12. reservation of title

12.1
The goods shall remain our property until full payment of all claims, including ancillary claims, claims for damages, future claims and encashment of cheques and bills of exchange.

12.2
Subject to the following provisions, the buyer is authorised to sell and process the goods.

12.3
The Buyer's authorisation to process goods subject to retention of title in the ordinary course of business shall end when he ceases to make payments or when an application is made to open insolvency proceedings against his assets. By processing the reserved goods, the purchaser does not acquire ownership of the new item in accordance with § 950 BGB. If the goods subject to retention of title are processed with other items, we shall acquire co-ownership of the new item in the ratio of the invoice value of our goods subject to retention of title to the invoice value of the other processed items.

12.4
The purchaser hereby assigns to us the claim with all ancillary rights arising from the resale of the goods subject to retention of title, also on a pro rata basis to the extent that the goods have been processed and we have acquired co-ownership in the amount of the invoice value.
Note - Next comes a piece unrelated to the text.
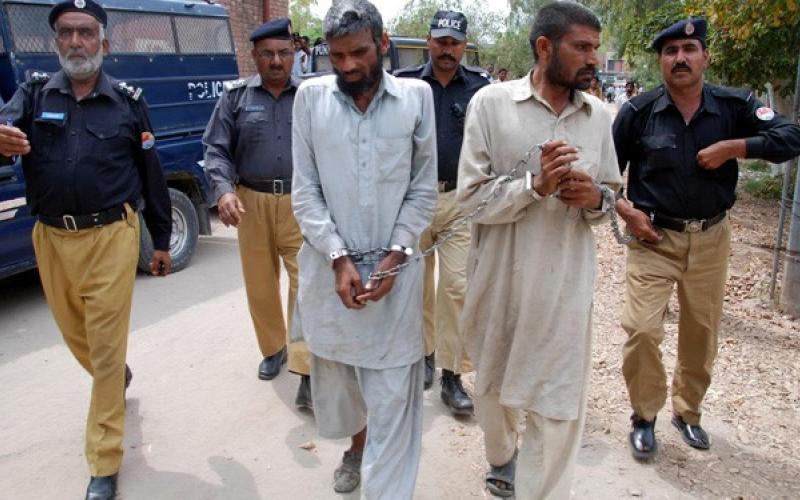 آدم خوارهای پاکستانی به 12 سال حبس محکوم شدند +عکس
We are entitled to a fraction of the respective purchase price claim in proportion to the invoice value of our reserved goods to the invoice value of the item. If the buyer has sold this claim within the framework of genuine factoring, he shall assign to us the claim against the factor that takes its place. We accept the assignments. The buyer shall be entitled to collect the receivables himself as long as he fulfils his payment obligations to us in accordance with the contract and we do not give him any other instructions. Upon request, the purchaser is obliged to provide us with a precise list of the claims to which we are entitled, including the names and addresses of the customers, the amount of the individual claims, invoice date, etc., to inform his customers of the assignment and to provide us with all information necessary for the assertion of the assigned claims.

12.5
The retention of title shall remain in force even if individual claims of ours are included in a current invoice and the balance is drawn and recognised. We are entitled to the retention of title not only for the recognised and abstract final balance, but also for the causal balance. We hereby release fully paid deliveries if the security provided by the retention of title exceeds the claim to be secured by 20 %. We shall be entitled to select the securities to be released. Pledging or transfer by way of security of the goods subject to retention of title or disposal of the assigned claims as well as non-genuine factoring are not permitted.

12.6
If we take back the delivered goods due to our retention of title, this shall only constitute a cancellation of the contract if we expressly declare this.

12.7
The buyer shall store the reserved goods for us. He shall insure them against fire, theft and water. The Buyer hereby irrevocably assigns to us his claims for compensation to which he is entitled against insurance companies or other parties liable for damages of the type mentioned in sentence 2 in the amount of our claims. We accept the assignment.

13. place of jurisdiction

The place of jurisdiction shall be exclusively the local court of Horb a.N., irrespective of the amount in dispute, if the purchaser is a merchant.

14 Recognition

14.1
The above terms and conditions shall apply to all sales, even if no express reference is made to these terms and conditions. Our terms and conditions shall also apply if the buyer excludes the validity of the seller's terms and conditions in his terms and conditions of purchase and we do not expressly object to them. The buyer recognises our terms and conditions by concluding the purchase and by accepting our order confirmation without objection.

14.2
Conflicting terms and conditions shall not be recognised unless we confirm them in writing.

14.3
Verbal agreements and special agreements are only effective if they are confirmed by us in writing.